Saturday, July 13, 2019

High Power LED Driver

I've been wanting to create a some drivers for high power, high CRI LEDs to use as lamps, and last month I designed and made a few that work fairly well. Made a few blunders and the original design had to undergo a few bodges but the base idea works.

I originally wanted to create a boost converter from scratch to drive the LEDs, as the LEDs require about 34V to run a full brightness. It would have been a good learning experience to setup basic control for the switching and the circuit topology isn't that complex. However, since I really wanted to use these day to day and the power being delivered was around 50W, I decided to just go ahead with a boost converter chip.

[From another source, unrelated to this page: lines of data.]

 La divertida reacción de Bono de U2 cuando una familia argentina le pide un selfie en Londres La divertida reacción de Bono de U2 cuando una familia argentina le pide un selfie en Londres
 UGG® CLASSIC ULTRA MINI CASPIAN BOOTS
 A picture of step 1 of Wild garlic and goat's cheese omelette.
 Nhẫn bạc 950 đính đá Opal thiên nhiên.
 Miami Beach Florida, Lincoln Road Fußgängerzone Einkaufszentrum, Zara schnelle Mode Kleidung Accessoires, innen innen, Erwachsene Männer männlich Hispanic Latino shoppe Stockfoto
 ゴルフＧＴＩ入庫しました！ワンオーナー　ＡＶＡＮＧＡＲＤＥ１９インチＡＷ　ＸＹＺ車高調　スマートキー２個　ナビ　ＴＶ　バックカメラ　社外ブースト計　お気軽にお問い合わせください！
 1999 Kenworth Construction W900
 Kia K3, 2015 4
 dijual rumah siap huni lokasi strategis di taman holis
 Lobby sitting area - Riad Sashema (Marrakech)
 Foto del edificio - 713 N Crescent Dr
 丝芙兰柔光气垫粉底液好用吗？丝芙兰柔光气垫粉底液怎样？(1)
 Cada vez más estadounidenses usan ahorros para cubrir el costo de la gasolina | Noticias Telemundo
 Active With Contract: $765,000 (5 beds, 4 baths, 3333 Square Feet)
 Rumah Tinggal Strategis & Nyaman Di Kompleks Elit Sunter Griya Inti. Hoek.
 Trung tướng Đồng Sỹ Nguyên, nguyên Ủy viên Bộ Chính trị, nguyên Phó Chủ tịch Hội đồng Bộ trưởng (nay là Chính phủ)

I considered a few: the AL3353 looked nearly perfect for the job, as it offered current sensing and was designed specifically for LED boost applications. However, the switching frequency was rather low and a large inductor would have been needed. I looked a few others, and eventually settled on the LM3478. This chip was designed to be a general purpose constant voltage boost converter. I wanted to modify the feedback path to be constant current: a small current sense resistor with a current sense amplifier to reach the high feedback reference voltage of 1.26V:

Seems like a good idea at the time. Schematic could also be better formatted.
The microcontroller would create an offset voltage that was added to the amplified current sense voltage so that the current could be regulated. I would quickly realize my implementation was flawed.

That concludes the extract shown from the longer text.